Eliminating Interference from Autofluorescence in Flow Cytometry - PROJECT SUMMARY/ABSTRACT
Flow cytometry (FC) is a powerful cell analysis tool relying on fluorescently labeling of cells. It can provide
information on cell count, shape, size, DNA content, redox state, membrane permeability, and surface receptors,
among other features. FC is an essential tool in research and clinical fields for tumor biology research, cancer
and AIDS diagnostics, stem cell therapy, immunophenotyping, and cancer immunotherapy. One of the leading
limitations of FC is that exogenously added fluorophores are not the only source of fluorescence in a sample.
Autofluorescence (AF) can be, in some circumstances, a significant contributor to the signal present in each of
the detection channels, often overlapping with the emission spectra. AF limits assay sensitivity and causes
problems in data interpretation, which can lead to erroneous scientific conclusions. While several approaches
have been employed to eliminate AF, there are no satisfactory solutions available.

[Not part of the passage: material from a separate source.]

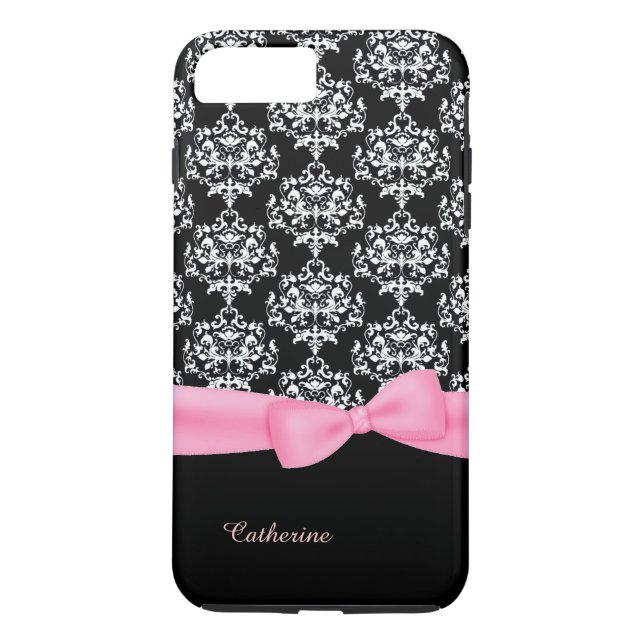 Girly Black & White Damask iPhone 7 Plus case (Back)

Kinetic River has been developing novel methods utilizing fluorescence lifetime (FLT) as an intrinsic
discriminating parameter and resolving multi-exponential lifetime decays in flow cytometry. In our completed
Phase I SBIR, we successfully demonstrated the automated removal of cellular AF interference in fluorophore-
labeled human cells using time-resolved emission lifetimes using a 4-color system, establishing feasibility of the
method. This Phase II grant will advance these findings towards commercialization by expanding the system into
a fully operational 16-color Colorado analyzer with real-time data processing. The successful completion of the
Colorado analyzer will lead to the first solution that automatically eliminates interference from AF in flow
cytometer experiments. It will become a game-changing platform enabling cell biologists, immunologists,
oncology researchers, diagnostic companies, and other FC users to obtain more accurate and quantitative
results. Removal of cellular AF interference will yield enhanced sensitivity, which is important for detecting rare
surface markers. This added capability of the Colorado platform will provide it with a significant competitive
advantage over current commercial FC analyzers of similar multiplexing capabilities. This will enable the
Colorado to replace current mid-level multiplexing instruments, which currently occupy a large swath of
the rapidly growing $4.8 billion FC market.